Sent from my SM-G955U using Tapatalk


----------



## jwilson1978 (Mar 23, 2021)

THE POMPANO KING said:


> Is it your prop making the noise or is it the electric motor ?
> 
> Sent from my SM-G955U using Tapatalk


I have no Idea I can't hear it.Maybe just a vibration or trying to crappie fish from a 22 foot blazer bay. They damn sure know I'm there and you can see them react. The only way I can get them to bite is to find structure at 60 foot are farther drift into it and catch a few on the way. Touch the trolling motor they vacate the structure and most people know a fish on the retreat will not even look at a bait.But then again these waters up here are fished hard so it may not be as bad other places


----------



## JoeyWelch (Sep 25, 2009)

Buddy them perch aint sweating that BlazerBay. I’ve stacked my 2170 on many occasions.


----------



## JoeyWelch (Sep 25, 2009)

What trolling motor are you running?


----------



## jwilson1978 (Mar 23, 2021)

JoeyWelch said:


> View attachment 1085741
> 
> View attachment 1085745
> 
> ...


Oh hell ya! You gettin it done! I'm jealous! maybe I will get there one day.


----------



## jwilson1978 (Mar 23, 2021)

JoeyWelch said:


> What trolling motor are you running?


Its a motorguide great white.Tiller steer but it will be gone soon


----------



## JoeyWelch (Sep 25, 2009)

jwilson1978 said:


> Its a motorguide great white.Tiller steer but it will be gone soon


The motor very well could be spooking them. May just be something as simple as a prop squeak or some kind of funky harmonic noise in the motor itself. I say the boat size isn’t a problem because I have buddies down here that single pole from 24’ aluminum boats and there are more 21fters perch fishing than I can count.

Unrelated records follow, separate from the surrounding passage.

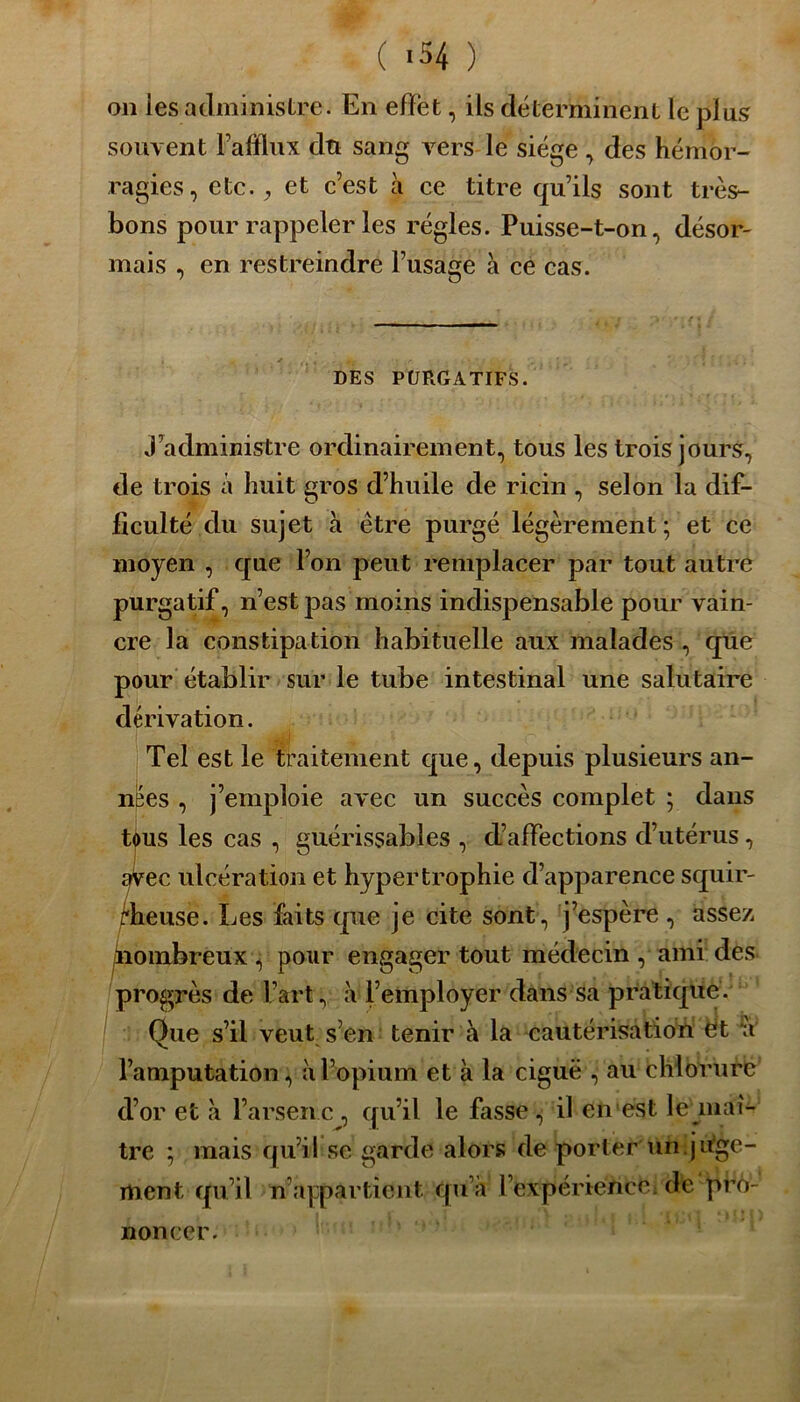 ( «54 ) on les administre. En effet, ils déterminent le plus souvent Fafflux du sang vers le siège , des hémor- ragies, etc., et c’est à ce titre qu’ils sont très- bons pour rappeler les régies. Puisse-t-on, désor- mais , en restreindre l’usage à ce cas. DES PURGATIFS. j’administre ordinairement, tous les trois jours, de trois à huit gros d’huile de ricin , selon la dif- ficulté du sujet à être purgé légèrement; et ce moyen , que l’on peut remplacer par tout autre purgatif, n’est pas moins indispensable pour vain- cre la constipation habituelle aux malades , que pour établir sur le tube intestinal une salutaire dérivation. Tel est le traitement que, depuis plusieurs an- nées , j’emploie avec un succès complet ; dans tous les cas , guérissables , d’affections d’utérus, avec ulcération et hypertrophie d’apparence squir- rheuse. Les faits que je cite sont, j’espère , assez nombreux, pour engager tout médecin , ami des progrès de l’art, à l’employer dans sa pratique. Que s’il veut s’en tenir à la cautérisation ét n l’amputation, à l’opium et à la ciguë , au chlorure d’or et à l’arsenc , qu’il le fasse , il en est le maî- tre ; mais qu’il se garde alors de porter un.juge- ment qu’il n appartient qu’à l’expérience; de pro- noncer.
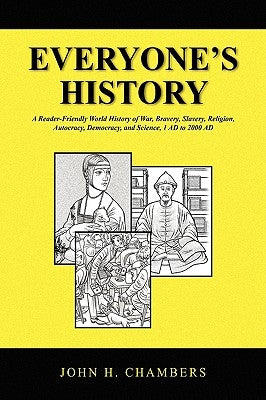 Everyone's History by Chambers, John H.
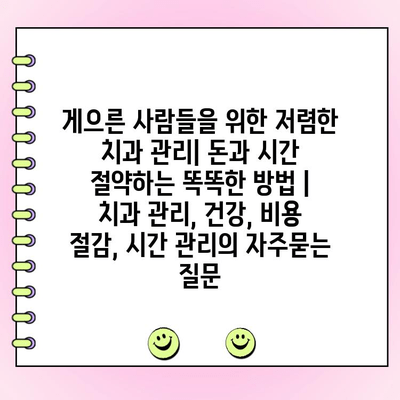 게으른 사람들을 위한 저렴한 치과 관리| 돈과 시간 절약하는 똑똑한 방법 | 치과 관리, 건강, 비용 절감, 시간 관리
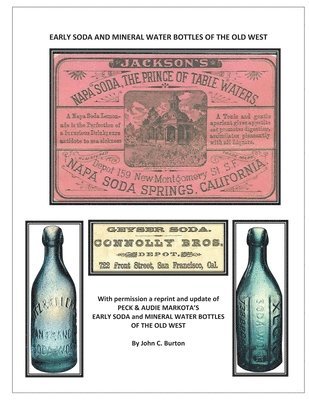 Early Soda and Mineral Bottles of the Old West 1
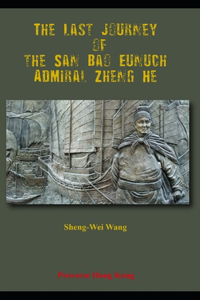 Last Journey of the San Bao Eunuch, Admiral Zheng He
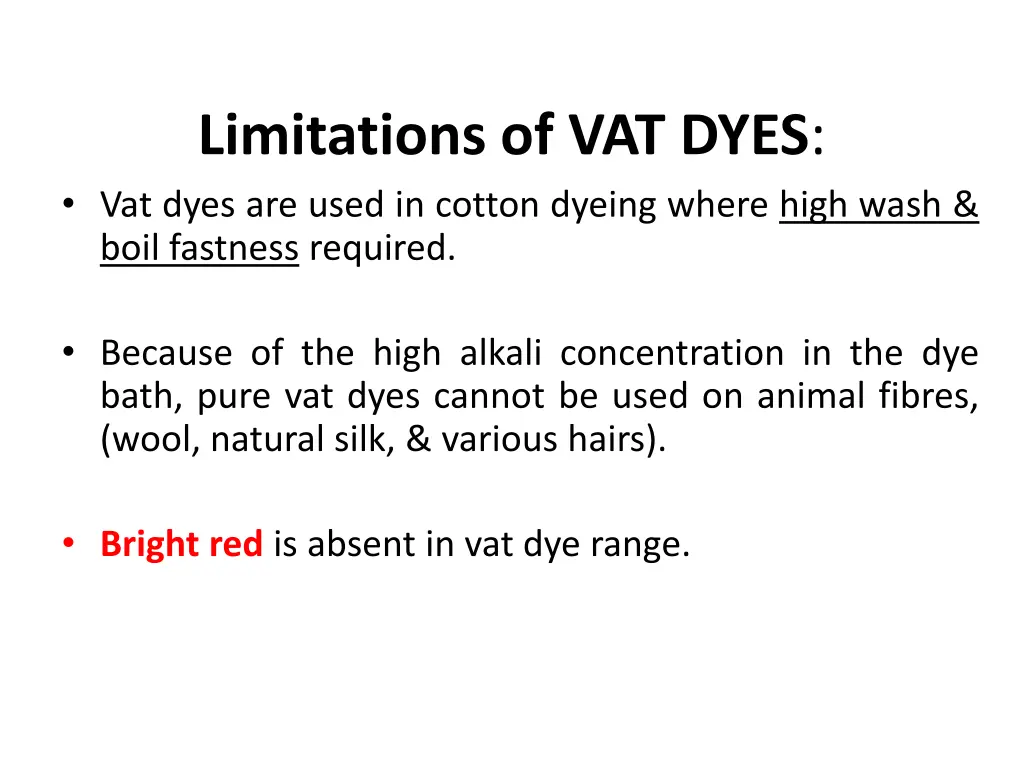 limitations of vat dyes vat dyes are used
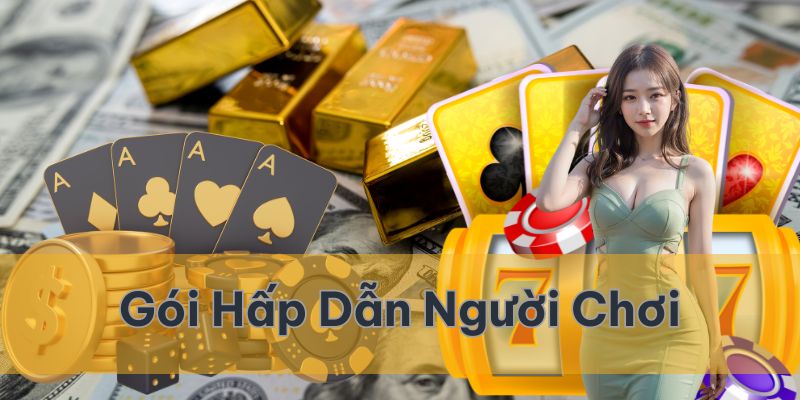 Gói nạp tiền tặng thưởng hấp dẫn đại đa số người chơi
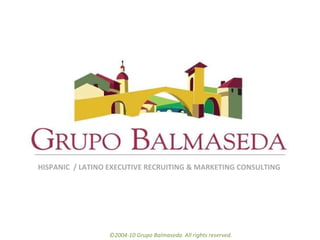 ©2004-10 Grupo Balmaseda. All rights reserved. HISPANIC  / LATINO EXECUTIVE RECRUITING & MARKETING CONSULTING  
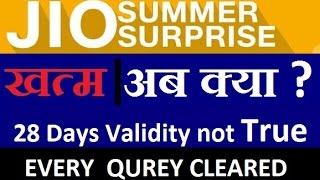 JIO Summer Offer Ended | 28 Days Validity not True | Every Qurey Cleared |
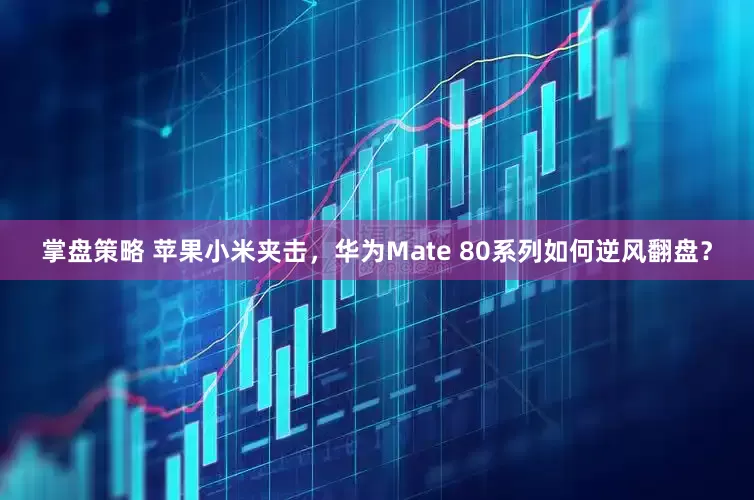 掌盘策略 苹果小米夹击，华为Mate 80系列如何逆风翻盘？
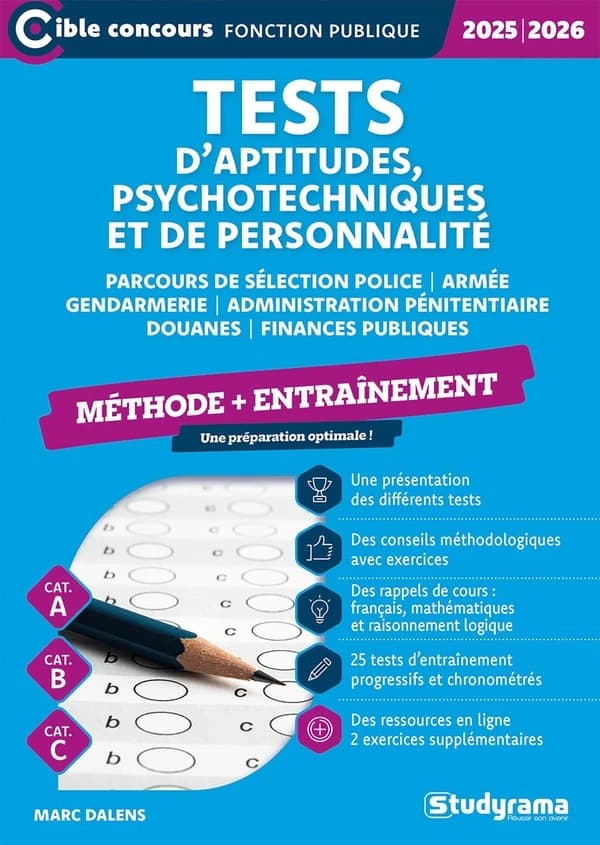 Tests d'aptitudes, psychotechniques et de personnalité ; Parcours de sélection Police, Armée, Gendarmerie, Administration pénitentiaire, Douanes, Finances publiques ; Méthode + entraînement (édition 2025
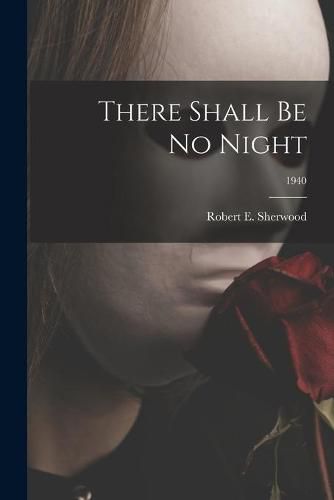 Cover image for There Shall Be No Night; 1940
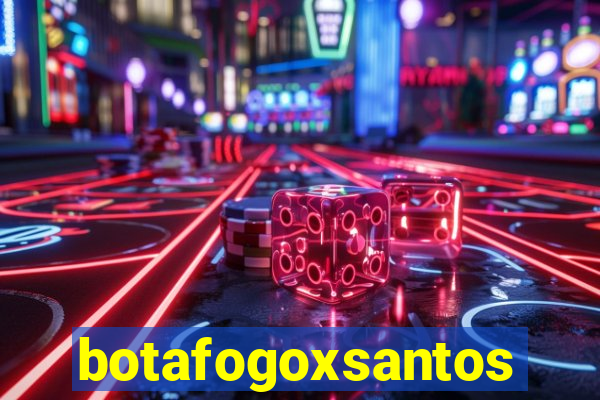 botafogoxsantos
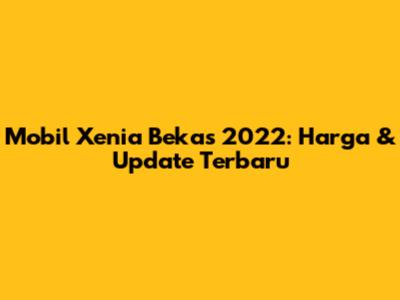 Mobil Xenia Bekas 2022: Harga & Update Terbaru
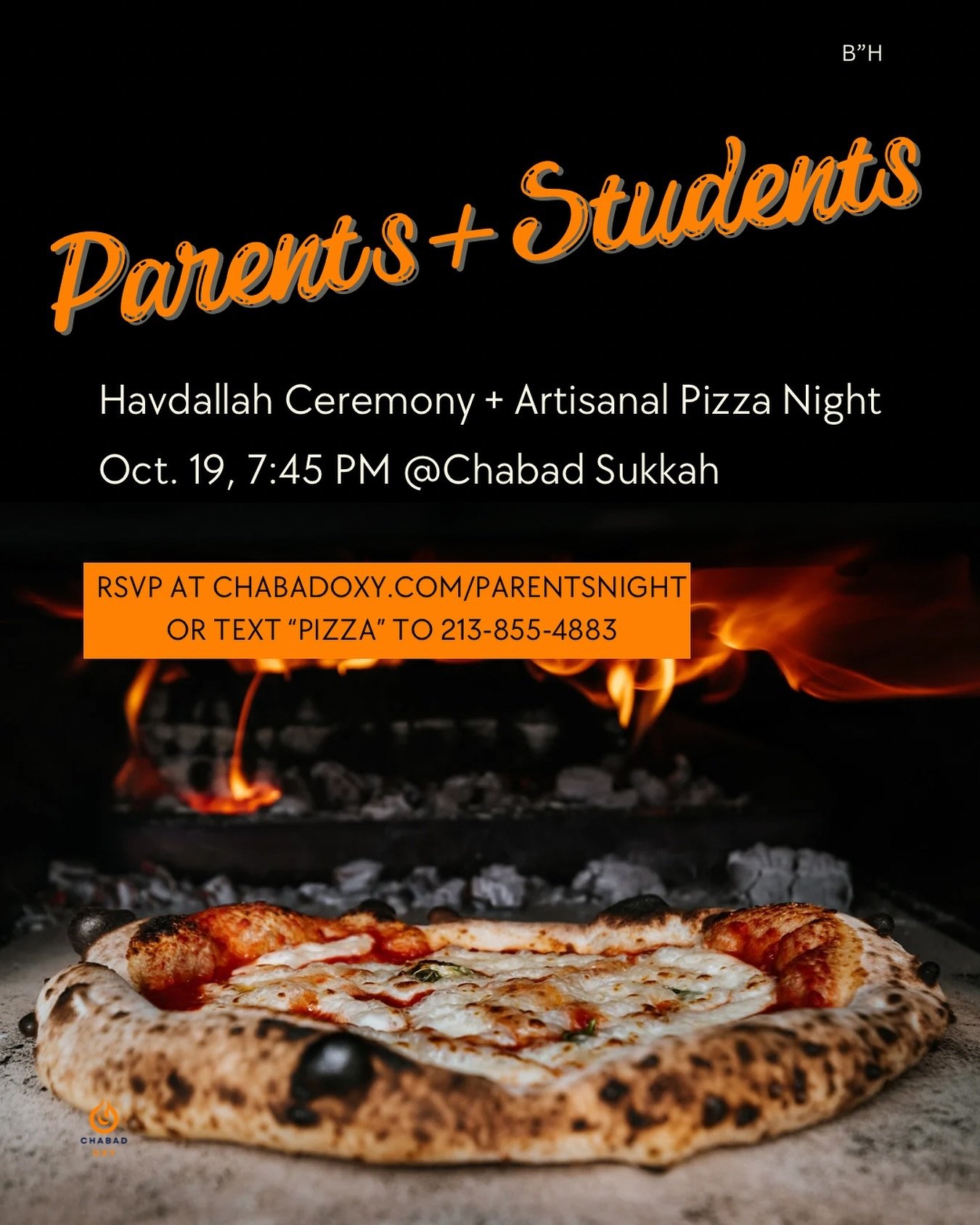 Join us for a special Parent & Student Night!
Enjoy artisanal pizza and meaningful connection
Participate in a beautiful Havdalla ceremony
Meet fellow families and build community
Oct. 19th at 7:45 PM
At the Chabad Garden and Sukkah
RSVP at c
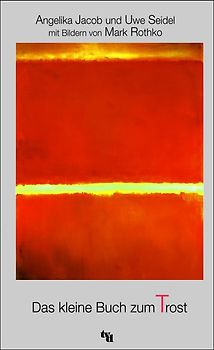 Das kleine Buch zum Trost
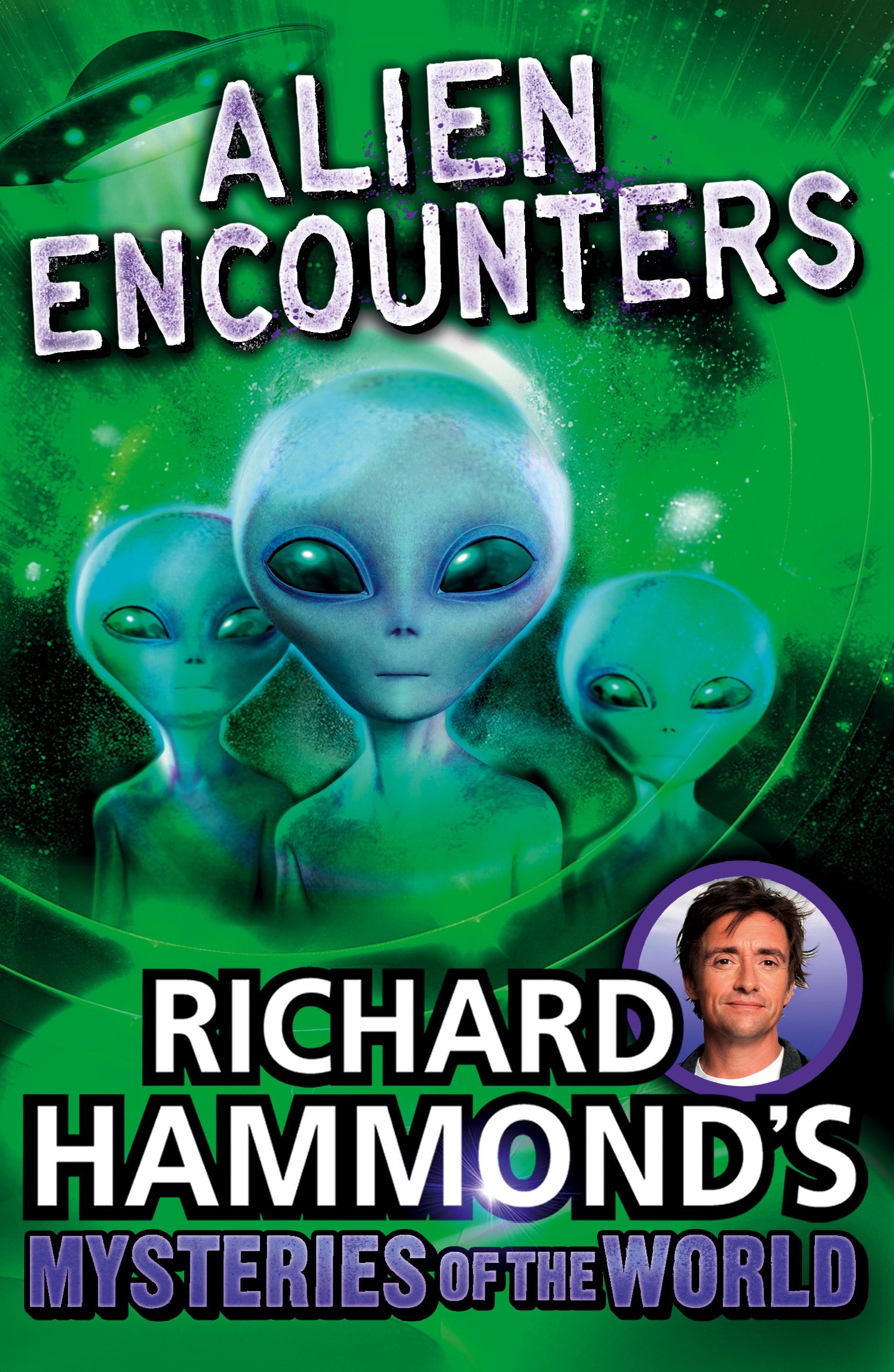 Richard Hammond's Mysteries of the World: Alien Encounters (Great Mysteries of the World)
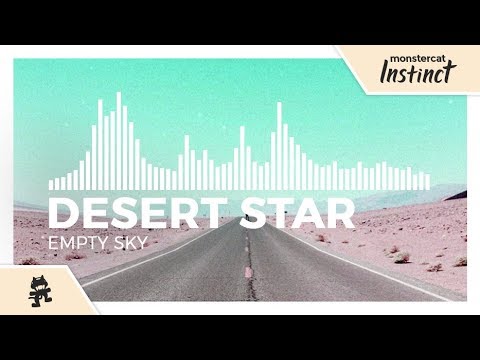 DESERT STAR - Empty Sky [Monstercat Release]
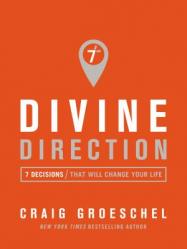  Divine Direction: 7 Decisions That Will Change Your Life 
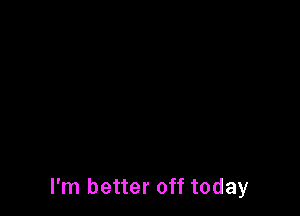 I'm better off today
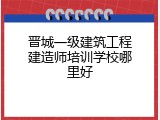 晋城一级建筑工程建造师培训学校哪里好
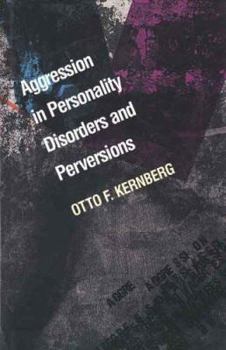 Hardcover Aggression in Personality Disorders and Perversions Book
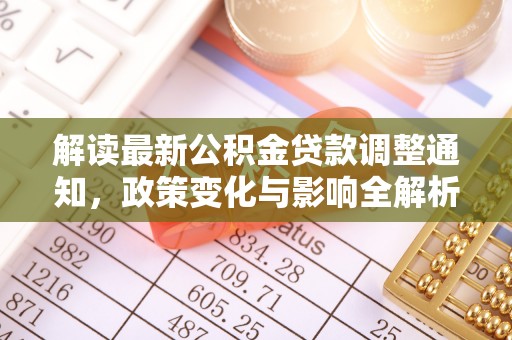 阿城解读最新公积金贷款调整通知，政策变化与影响全解析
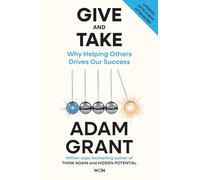 Give and Take: From the author of million-copy bestseller THINK AGAIN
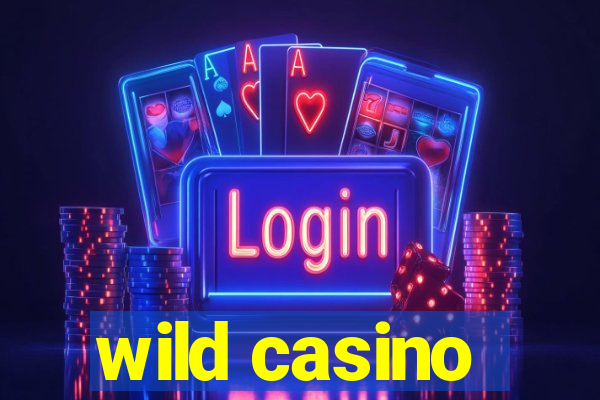 wild casino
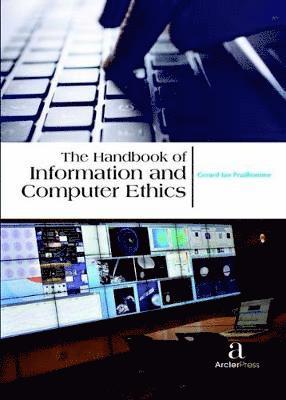 Gerard Ian Prudhomme - Handbook of Information and Computer Ethics, Inbunden
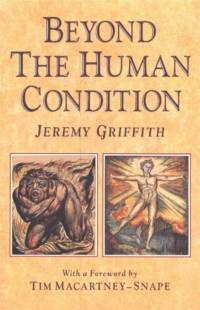 Beyond the Human Condition av Jeremy Griffith
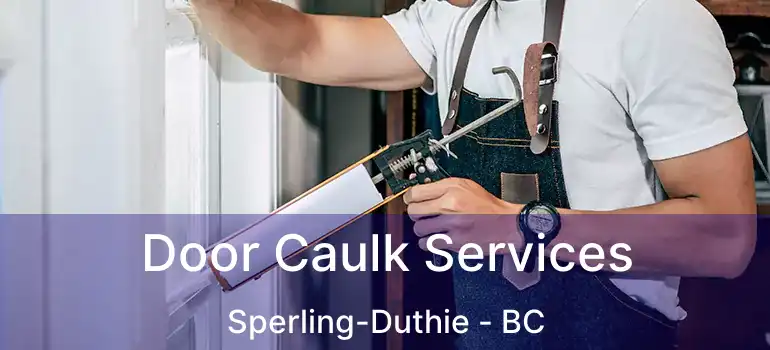  Door Caulk Services Sperling-Duthie - BC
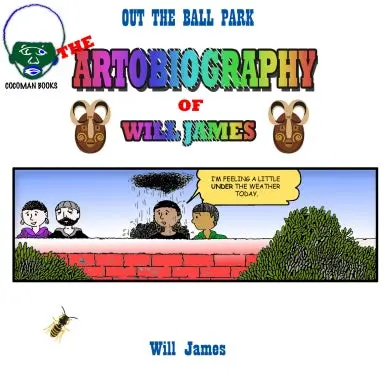 Out The Ball Park: The Artobiography Of Will James 1
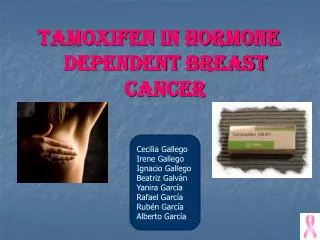 TAMOXIFEN IN HORMONE DEPENDENT BREAST CANCER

They’re very sensitive to vibrations. I have seen days when pushing and they would hit jigs with a round 1/8 oz (round being the key word) splitshot above the jig but completely ignore the same jig beside it with a 1/8oz (reusable) splitshot above the jig. Simple vibrations and harmonics in the water is all it is. Then on the other side is a rod with a 1oz egg weight above the same jig catching fish.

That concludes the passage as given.